L’Agence France Presse citant de sources proches du dossier a relayé que le juge antiterroriste Marc Trévidic a dû une nouvelle fois renoncer à se rendre en Algérie pour mener des expertises dans l’enquête sur l’assassinat des moines de Tibhirine en 1996, avec des experts et d’autres magistrats. Cette visite était prévue à partir de samedi, mais le juge n’a finalement pas reçu d’invitation officielle d’Alger. Ce dernier devrait se rendre en Algérie pour autopsier les crânes et tenter de déterminer enfin les circonstances dans lesquelles ont été perpétrés les crimes barbares.
Le juge devait se rendre sur place pour pouvoir procéder à l’exhumation des têtes des sept moines cisterciens assassinés en 1996 dans l’espoir de faire progresser l’enquête. Le rapt avait été revendiqué par le GIA (Groupe islamique armé), mais l’enquête s’est aussi orientée vers une possible bavure de l’armée algérienne. Les deux magistrats chargés du dossier, Marc Trévidic et Nathalie Poux, avaient adressé une commission rogatoire internationale pour se rendre en Algérie dès fin 2011. Ils demandaient à faire exhumer et autopsier les têtes des moines et à entendre vingt-deux témoins.

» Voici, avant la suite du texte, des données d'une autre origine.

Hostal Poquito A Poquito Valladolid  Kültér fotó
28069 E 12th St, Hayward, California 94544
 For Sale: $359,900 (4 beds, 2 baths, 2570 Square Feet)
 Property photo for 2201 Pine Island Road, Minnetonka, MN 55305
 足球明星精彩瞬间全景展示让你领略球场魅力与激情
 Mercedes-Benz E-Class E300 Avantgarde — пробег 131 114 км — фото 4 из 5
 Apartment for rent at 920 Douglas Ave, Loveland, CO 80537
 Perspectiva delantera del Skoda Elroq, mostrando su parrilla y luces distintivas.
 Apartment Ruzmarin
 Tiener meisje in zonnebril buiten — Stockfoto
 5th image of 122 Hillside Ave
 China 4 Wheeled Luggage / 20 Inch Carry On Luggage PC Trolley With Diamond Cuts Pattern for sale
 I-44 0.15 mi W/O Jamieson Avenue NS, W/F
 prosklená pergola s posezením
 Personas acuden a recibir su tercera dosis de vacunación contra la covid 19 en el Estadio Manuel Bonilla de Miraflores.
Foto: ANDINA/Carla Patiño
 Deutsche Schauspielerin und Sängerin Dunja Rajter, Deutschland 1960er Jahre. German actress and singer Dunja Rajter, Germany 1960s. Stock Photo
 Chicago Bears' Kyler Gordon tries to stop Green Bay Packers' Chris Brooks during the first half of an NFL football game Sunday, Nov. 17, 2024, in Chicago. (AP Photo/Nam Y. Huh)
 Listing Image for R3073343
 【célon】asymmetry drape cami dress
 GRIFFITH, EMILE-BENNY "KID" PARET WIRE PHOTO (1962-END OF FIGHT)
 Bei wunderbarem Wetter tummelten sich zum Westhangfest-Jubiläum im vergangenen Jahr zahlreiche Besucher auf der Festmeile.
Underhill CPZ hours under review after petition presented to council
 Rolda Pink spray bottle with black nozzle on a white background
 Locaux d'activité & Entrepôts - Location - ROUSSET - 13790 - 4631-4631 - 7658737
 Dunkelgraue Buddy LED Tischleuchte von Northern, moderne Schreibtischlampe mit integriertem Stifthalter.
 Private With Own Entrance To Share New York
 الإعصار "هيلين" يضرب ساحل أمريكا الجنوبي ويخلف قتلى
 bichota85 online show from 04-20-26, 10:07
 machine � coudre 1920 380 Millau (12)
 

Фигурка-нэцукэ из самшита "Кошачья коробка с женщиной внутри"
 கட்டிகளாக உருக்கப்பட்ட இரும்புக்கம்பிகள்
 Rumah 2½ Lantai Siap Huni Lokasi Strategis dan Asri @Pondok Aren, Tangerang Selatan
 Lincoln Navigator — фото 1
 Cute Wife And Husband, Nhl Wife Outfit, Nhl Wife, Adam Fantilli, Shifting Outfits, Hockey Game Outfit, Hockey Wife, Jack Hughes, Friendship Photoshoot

A Paris, le porte-parole du Quai D’Orsay, Romain Nadal, a dévoilé, -en réponse à des questions concernant le report de la visite du magistrat français à Alger- que la dernière visite de ce dernier en Algérie tenue le mois de novembre écoulé s’est déroulé d’une manière positive : « Paris œuvre toujours à mettre en exergue les circonstances dramatiques ayant conduit à l’élimination des moines qualifiés « d’hommes de paix ».
Par ailleurs, le déplacement officiel du ministre des Affaires étrangères, Laurent Fabius, dans une semaine à Alger pourrait lever les derniers verrous et permettre l’obtention des précieux visas susceptibles de relancer une instruction qui s’enlise depuis des mois. Pour certains observateurs, il s’agit d’une «dernière chance».